Gesellschaft und Produktionsweise

Relevant für die Debatte um mögliche Zukünfte ist die Unterscheidung zwischen Produktionsweise und Gesellschaft. Marx’ Kapital beginnt bekanntlich mit den Worten „Der Reichtum der Gesellschaften, in welchen kapitalistische Produktionsweise herrscht, erscheint als eine ‚ungeheure Warensammlung‘“ (MEW 23, 49). Marx unterscheidet hier zwischen der „kapitalistischen Produktionsweise“ und den Gesellschaften, in denen diese Produktionsweise „herrscht“, also vorherrscht oder dominiert. Der Ausdruck „Kapitalismus“ ist also nur eine Abkürzung für „eine Gesellschaft, in der die kapitalistische Produktionsweise vorherrscht“.

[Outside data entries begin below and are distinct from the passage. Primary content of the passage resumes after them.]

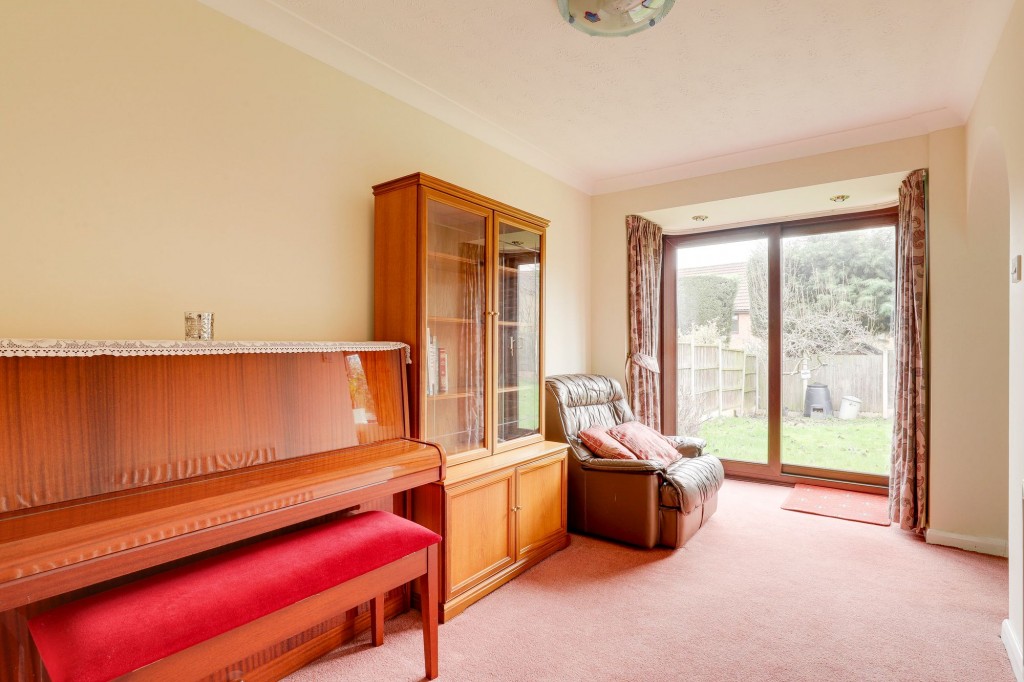 Barndale Close, West Bridgford, NG2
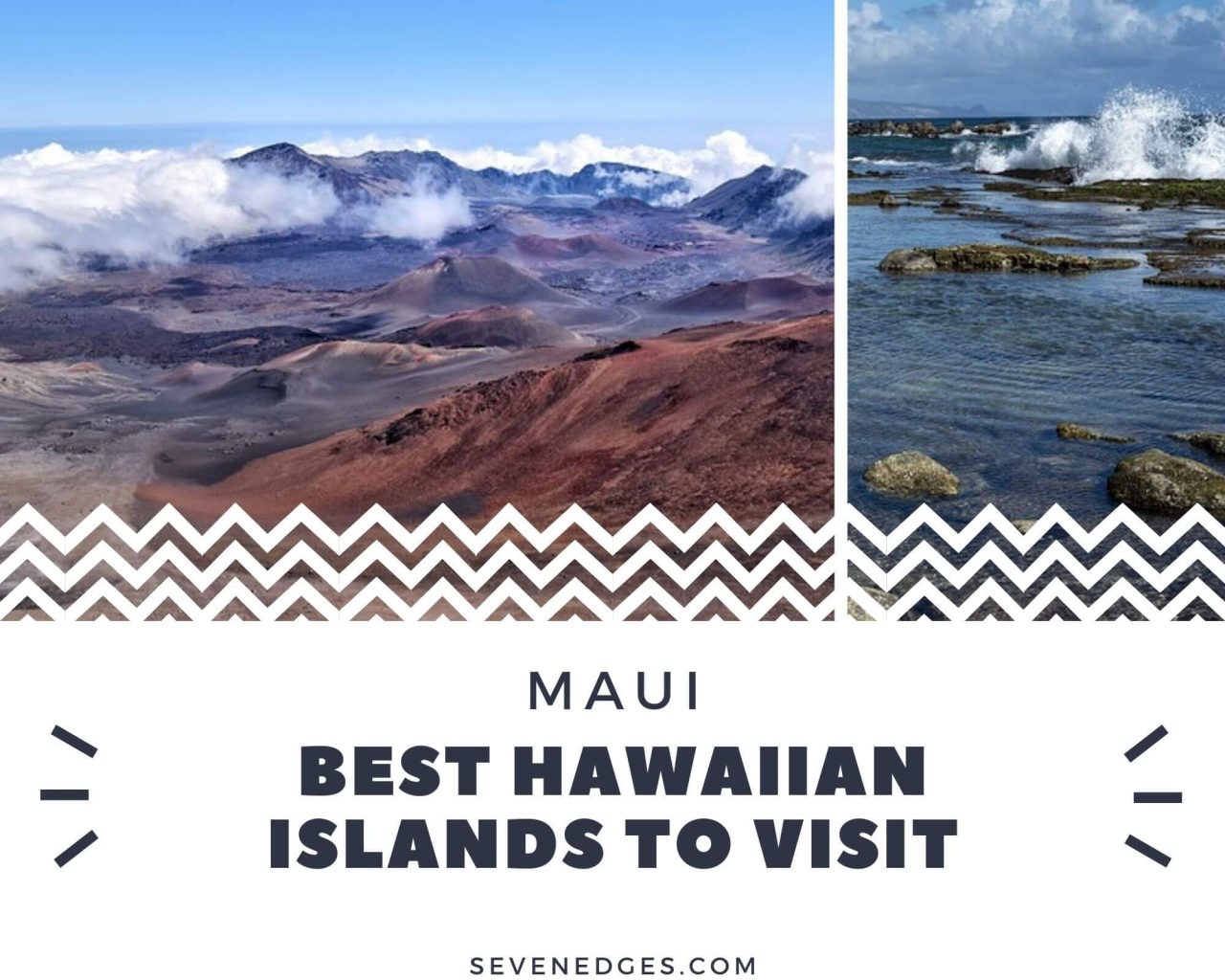 Complete Guide to Best Hawaiian Island to Visit - Sevenedges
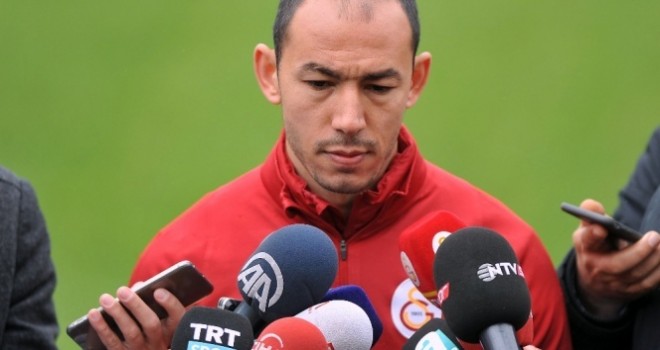 Umut Bulut: Çok zor günler geçiriyorum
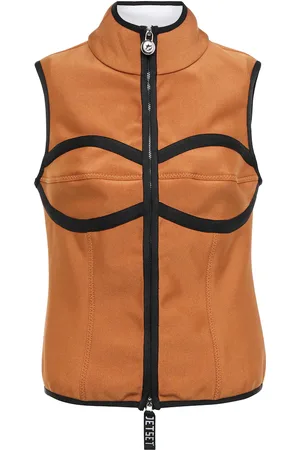 JET SET Vanessa Glam vest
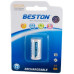 Аккумулятор Beston CR123A (16340) 600mAh Lithium (AAB1844)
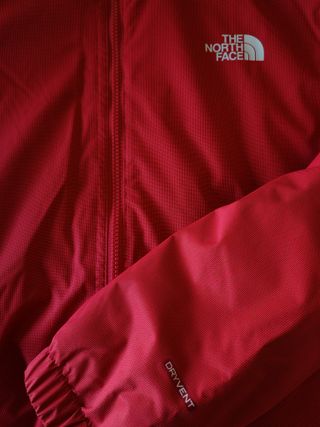 Chaqueta The North Face Nueva con Etiquetas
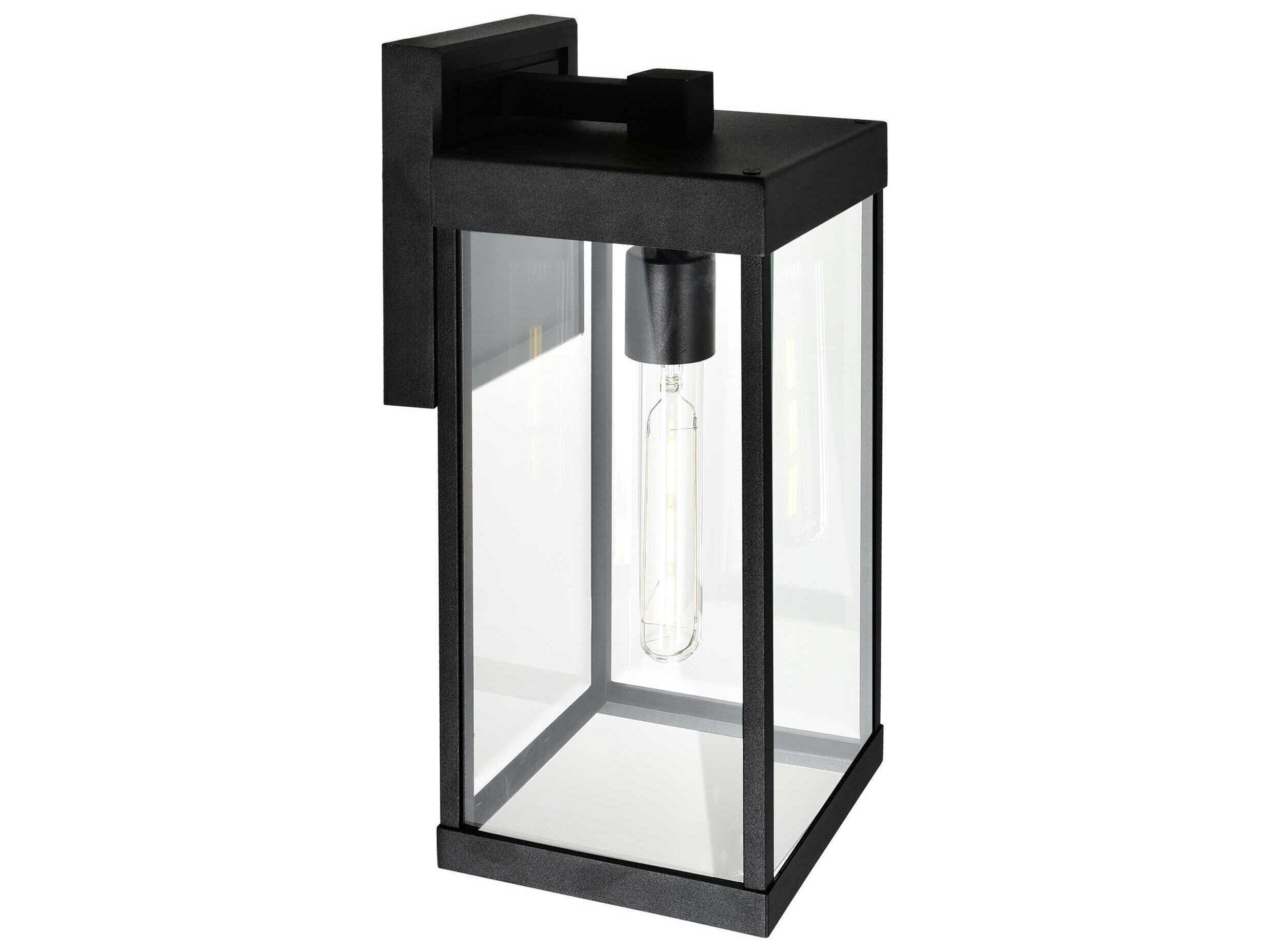 CWI Lighting Windsor 1-Light Outdoor Wall Light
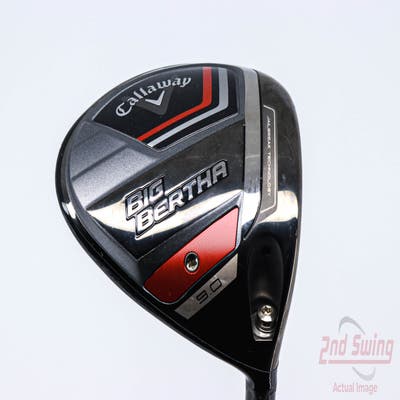 Callaway Big Bertha 23 Driver 9° Callaway RCH 65 Graphite Stiff Right Handed 45.75in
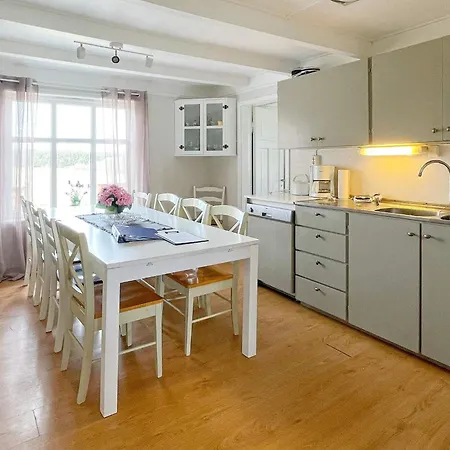 11 Person Holiday In Casa vacanze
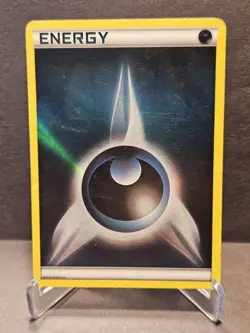 Dark Energy 2013 Reverse Holo Pokemon Tcg - Image 1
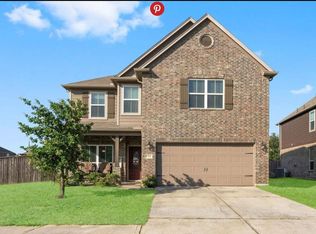 2561 Magnolia Fair Way, Spring, TX 77386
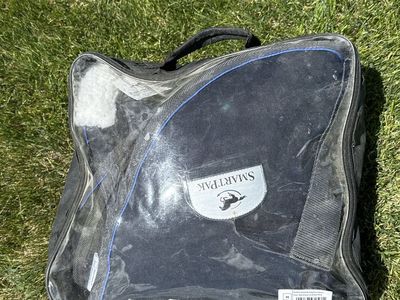 NEW SmartPak Ultimate Heavyweight Neck Rug – 360g Fill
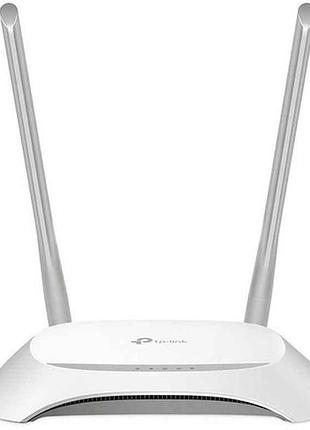 Wi-fi роутер tp-link 850n тм tp-link
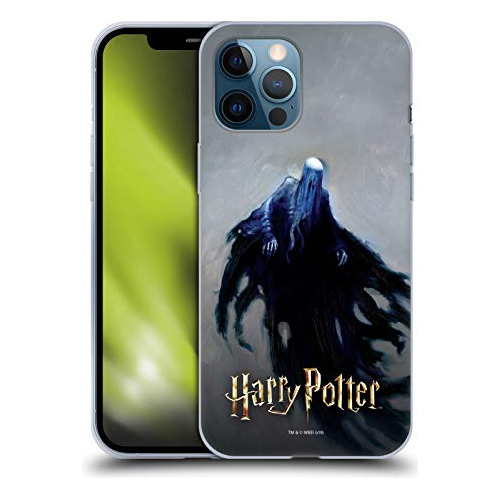 Diseños De Casos Oficiales Harry Potter Dementor Prisoner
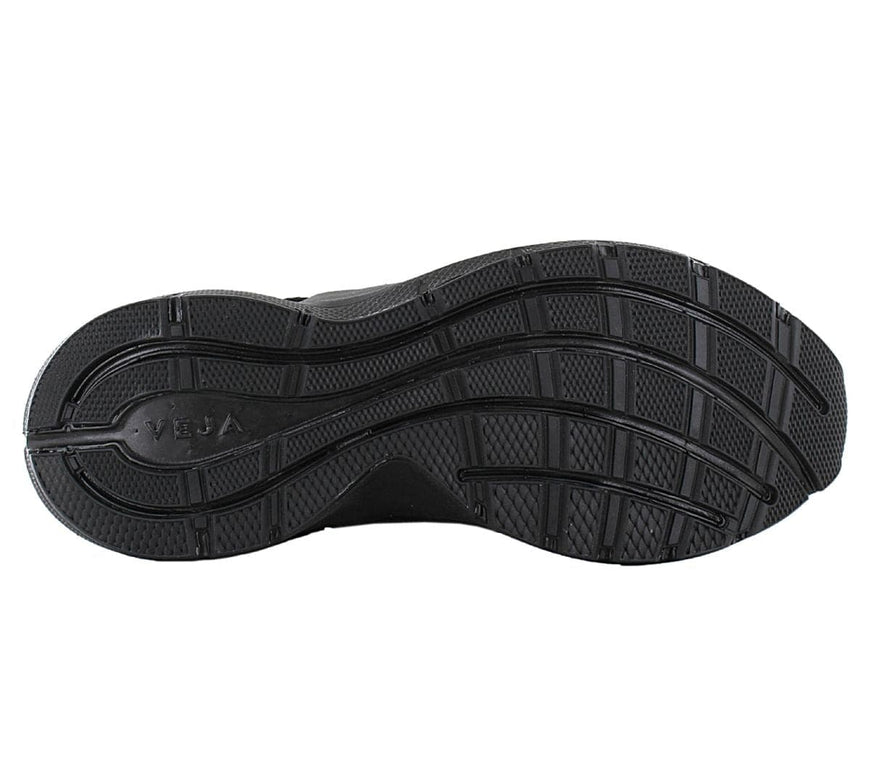 VEJA Marlin LT V-Knit - Women's Running Shoes Black LT1002456A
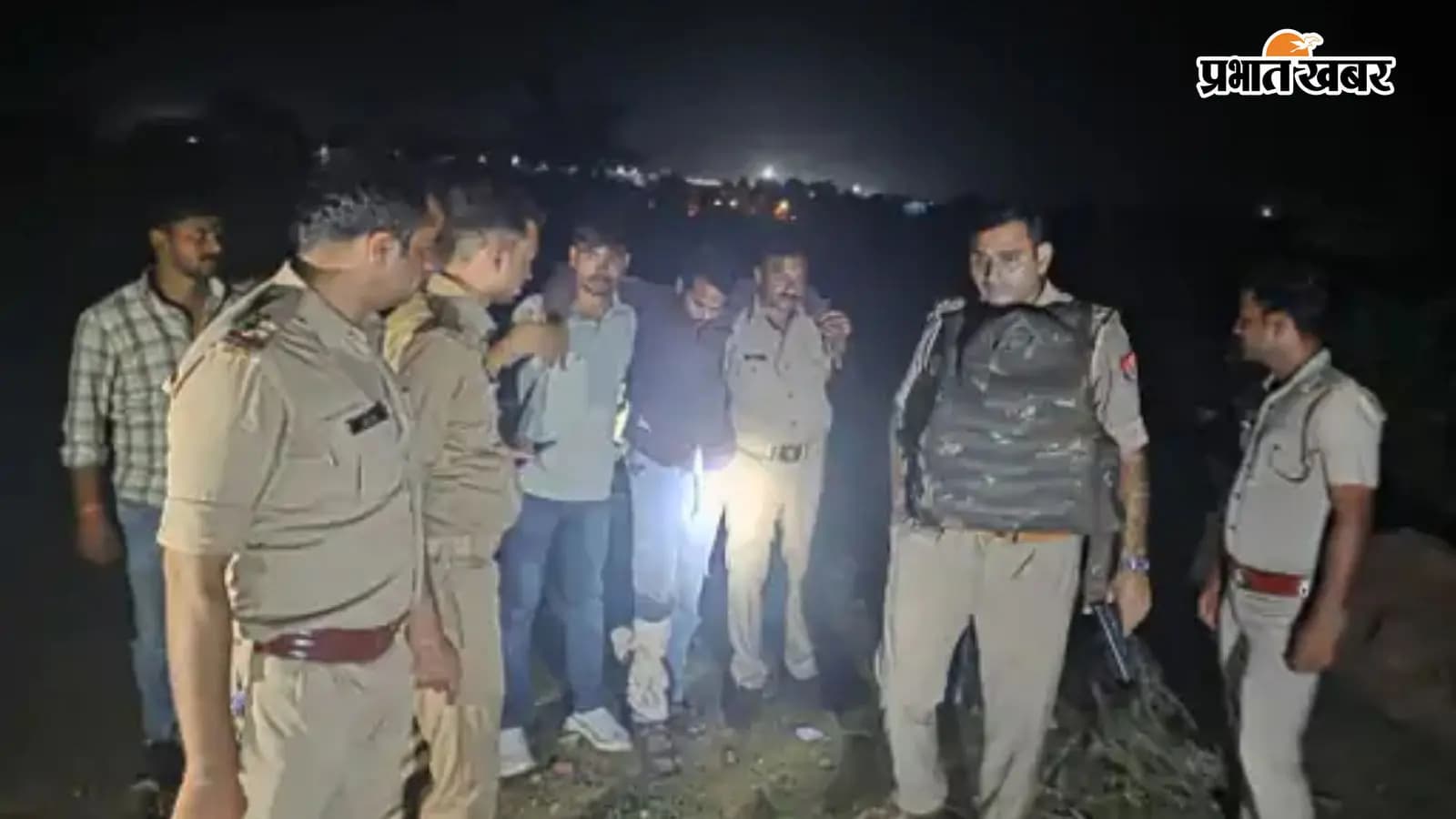 आरोपी सुरेंद्र सेन को पुलिस ने किया गिरफ्तार आरोपी सुरेंद्र सेन को पुलिस ने किया गिरफ्तार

Eine Produktionsweise ist die Art und Weise, wie produziert wird, wie also die zum Leben der Menschen und zur Aufrechterhaltung der Gesellschaft benötigten oder gewünschten Güter aller Art (egal ob materiell, immateriell oder Praxis/„Dienstleistung“) hergestellt und verteilt werden. Jede Gesellschaft ist aber ein komplexer Zusammenhang, in der nahezu immer unterschiedliche Produktionsweisen parallel zueinander existieren dürften – die kapitalistische Produktionsweise herrschte schon zu Marx’ Zeiten in Europa und Nordamerika vor und heute fast weltweit, aber sie war und ist nicht die einzige in diesen Gesellschaften praktizierte Produktionsweise.

Im engen Sinne umfasst die kapitalistische Produktionsweise eine Vielzahl von profitorientierten Unternehmen, die Menschen („Arbeitskräfte“) gegen Bezahlung anstellen und die in Konkurrenz zu anderen Unternehmen Waren herstellen, die sie verkaufen. In allen kapitalistisch dominierten Gesellschaften gibt es aber daneben noch andere Produktionsweisen, von denen mindestens zwei – die Subsistenzproduktion in privaten Haushalten und im Familienkreis sowie die staatliche Produktion – für den Weiterbestand der Gesellschaft unentbehrlich sind. Rechtslibertäre („Anarchokapitalistinnen [2]“) übersehen die familiäre Subsistenzproduktion meist komplett und träumen von einer Gesellschaft, in der der Staat und alle seine Organe komplett durch kapitalistische, in Konkurrenz zueinander stehende Unternehmen ersetzt wurden. Tatsächlich wird der Staat für das Funktionieren der kapitalistisch dominierten Gesellschaften, die wir heute kennen, aber gerade deshalb benötigt, weil er kein privatwirtschaftliches, profitmaximierendes Unternehmen ist, sondern stattdessen einen Rahmen aufziehen kann, in dem sich all diese Unternehmen und die von ihnen beschäftigten oder auch nicht beschäftigen Menschen bewegen (müssen).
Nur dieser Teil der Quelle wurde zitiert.